I'm getting similar numbers on NVIDIA Spark around 25-30 tokens/sec output, 251 token/sec prompt processing... but I'm running with the Q4_K_XL quant. I'll try the Q8 next, but that would leave less room for context.

I tried FP8 in vLLM and it used 110GB and then my machine started to swap when I hit it with a query. Only room for 16k context.

I suspect there will be some optimizations over the next few weeks that will pick up the performance on these type of machines.

I have it writing some Rust code and it's definitely slower than using a hosted model but it's actually seeming pretty competent. These are the first results I've had on a locally hosted model that I could see myself actually using, though only once the speed picks up a bit.

I suspect the API providers will offer this model for nice and cheap, too.

▲

aseipp 4 hours ago | parent [-]

llama.cpp is giving me ~35tok/sec with the unsloth quants (UD-Q4_K_XL, elsewhere in this thread) on my Spark.

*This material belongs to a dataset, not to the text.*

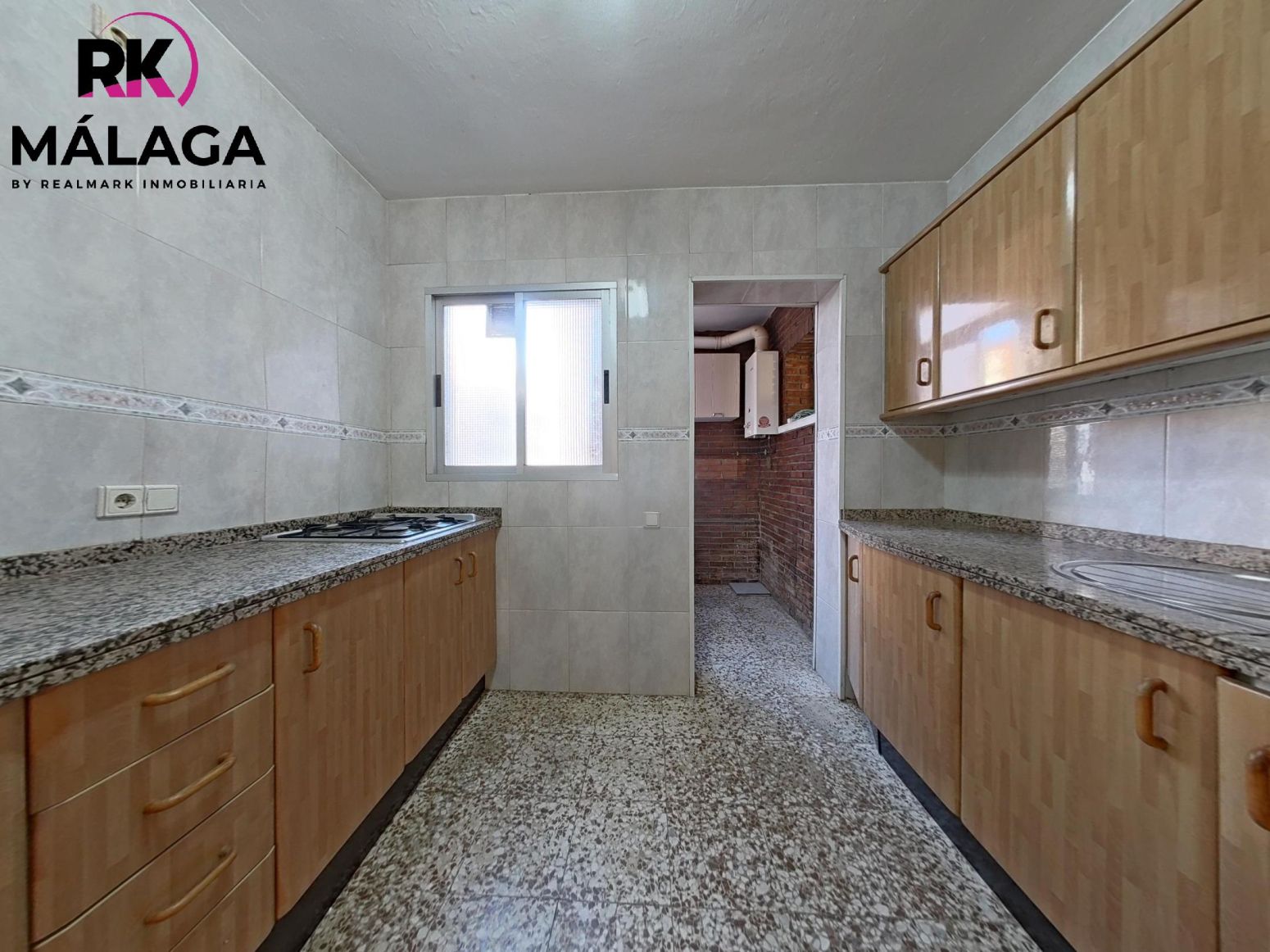 Cocina de Piso en venta en Málaga Capital con Jardín privado y Terraza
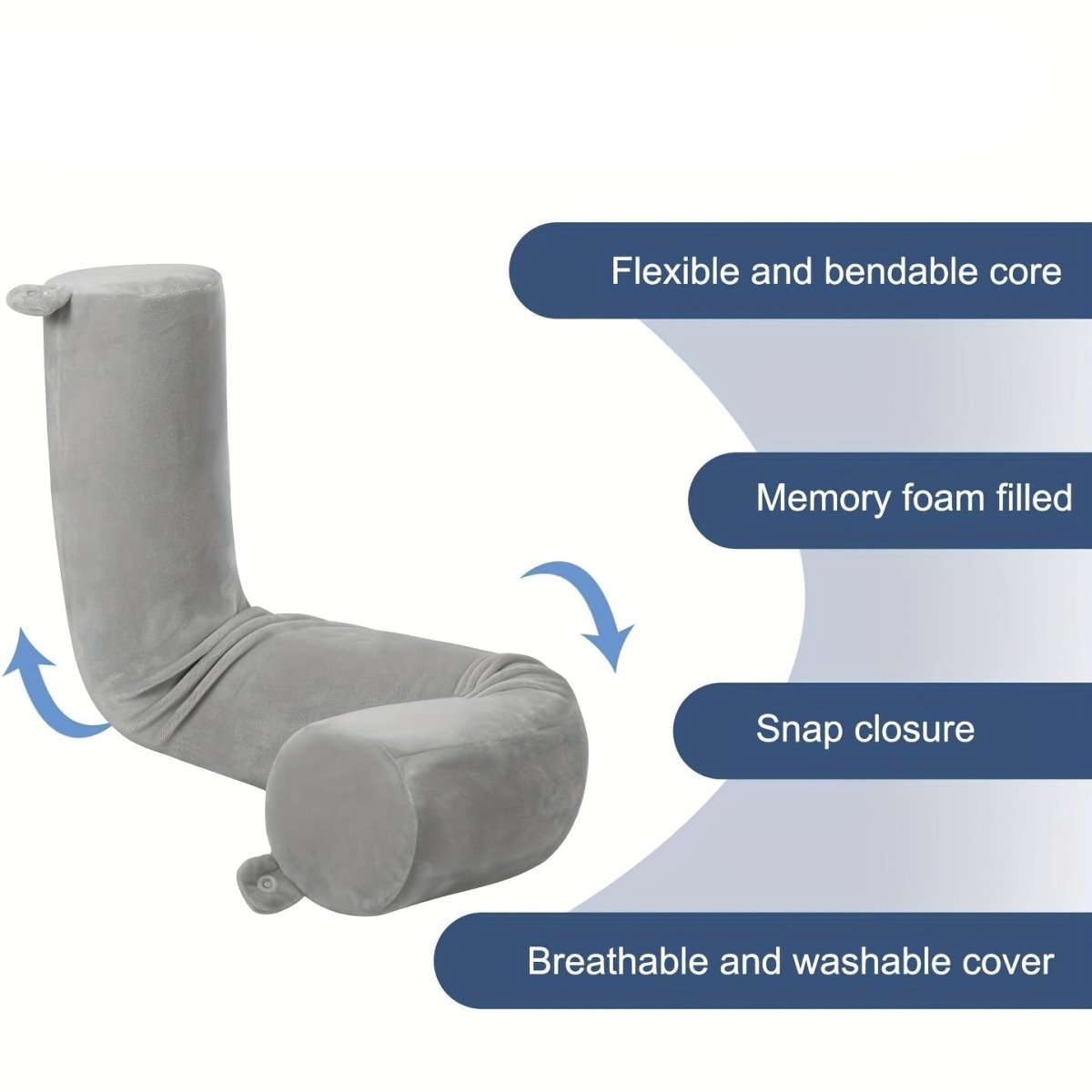 Reisekissen Memory Foam | Ergonomische Nackenstütze | Kompakt | DriftRest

FWIW my understanding and experience is that llama.cpp seems to give slight better performance for "single user" workloads, but I'm not sure why.

I'm asking it to do some analysis/explain some Rust code in a rather large open source project and it's working nicely. I agree this is a model I could possibly, maybe use locally...

	▲	cmrdporcupine 4 hours ago \| parent [-]
		Yeah I got 35-39tok/sec for one shot prompts, but for real-world longer context interactions through opencode it seems to be averaging out to 20-30tok/sec. I tried both MXFP4 and Q4_K_XL, no big difference, unfortunately. --no-mmap --fa on options seemed to help, but not dramatically. As with everything Spark, memory bandwidth is the limitation. I'd like to be impressed with 30tok/sec but it's sort of a "leave it overnight and come back to the results" kind of experience, wouldn't replace my normal agent use. However I suspect in a few days/weeks DeepInfra.com and others will have this model (maybe Groq, too?), and will serve it faster and for fairly cheap.